Many people did have complaints with good words getting disabled before trial, so this new system will help accomidate them, while allowing bulk upload of relevant longer search queries and taxing away the profits from the buy dead children at eBay and other off topic bulk eBay ads.

Searchday is running an article about the new AdWords change where they state:

Pegging minimum bids to a quality score that considers all of these factors effectively eliminates Google's previous de facto minimum bids. For ads that receive a high quality score, Kamangar said the minimum bid as little as a penny. Conversely, for ads that receive a low quality prediction, the new minimum bid could be higher than the previous minimum of five cents.

Click Fraud Testing

Danny pointed at MarketingExperiment's recent piece on click fraud (free registration required).

They tried click fraud on test campaigns, clicking 10 times on each. Below is the number of clicks Google charged for from each test set:

Individual clicking on the ad: 0
Individual clicking on the ad with Anonymizer: 1
Clicking on the ad with a different computer, same IP address: 1
Clicking on the ad with a different computer, different IP address: 1

They mentioned impression fraud and looked at alleged click faud in three real accounts, which showed that fraud tended to increase as click cost rose.

They also gave tips on how to avoid click fraud or minimize its effects. The article is worth a peak if you plan on swimming in the PPC market. They also have a 50 minute audio I have only listened to a few minutes of.

I am not sure why they did not test other engines as well. They should have at least done Overture. It would be interesting to compare how various engines fight (or do not fight) click fraud.

Whoever is big in the click fraud prevention market should really use some a / b / c comparison testing as the cheap marketing opportunity that it is.

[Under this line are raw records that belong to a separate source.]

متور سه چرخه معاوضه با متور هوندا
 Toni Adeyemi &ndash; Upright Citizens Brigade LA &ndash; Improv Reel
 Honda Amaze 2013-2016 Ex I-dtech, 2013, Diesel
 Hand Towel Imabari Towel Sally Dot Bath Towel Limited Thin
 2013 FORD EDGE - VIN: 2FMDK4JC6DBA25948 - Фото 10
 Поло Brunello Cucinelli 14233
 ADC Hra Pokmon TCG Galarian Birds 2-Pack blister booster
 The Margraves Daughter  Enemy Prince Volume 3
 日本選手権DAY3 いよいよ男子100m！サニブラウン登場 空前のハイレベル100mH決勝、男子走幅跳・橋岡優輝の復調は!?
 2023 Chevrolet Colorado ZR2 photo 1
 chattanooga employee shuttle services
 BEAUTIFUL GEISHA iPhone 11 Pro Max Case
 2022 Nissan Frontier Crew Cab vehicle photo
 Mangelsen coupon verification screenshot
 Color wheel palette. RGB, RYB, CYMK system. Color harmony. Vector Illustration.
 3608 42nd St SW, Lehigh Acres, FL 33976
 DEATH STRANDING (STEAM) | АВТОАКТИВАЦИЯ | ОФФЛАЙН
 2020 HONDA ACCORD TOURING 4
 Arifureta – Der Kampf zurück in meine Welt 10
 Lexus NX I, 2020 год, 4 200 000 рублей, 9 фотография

Andy Beal Endorses LookSmart?

Search Engine Lowdown is sponsored by LookSmart, and in their advertisement post it sounds as though Andy is endorsing their service:

If you want quality traffic at a lower cost than other leading pay-per-click search marketing programs, check out their LookListing service.

I guess quality is a broad word, with many meanings, but from my experiences that post sounds a bit economical with the truth.

Ocassionally I have thought about taking advertisers on this site, but it would take a lot of money for me to say nice things about LookSmart's traffic quality.

If LookSmart believed in their own products would they be displaying AdSense ads on their sites like FindArticles and Zeal? When I just checked even LookSmart itself was serving up AdSense ads.

From your internal testing does LookSmart provide quality traffic cheaper than leading pay-per-click search marketing programs? If their network traffic quality is high then why do they need to outsource their ad sales to Google? In spite of contextual ad click fraud why are some people willing to bid more on AdSense than on LookSmart?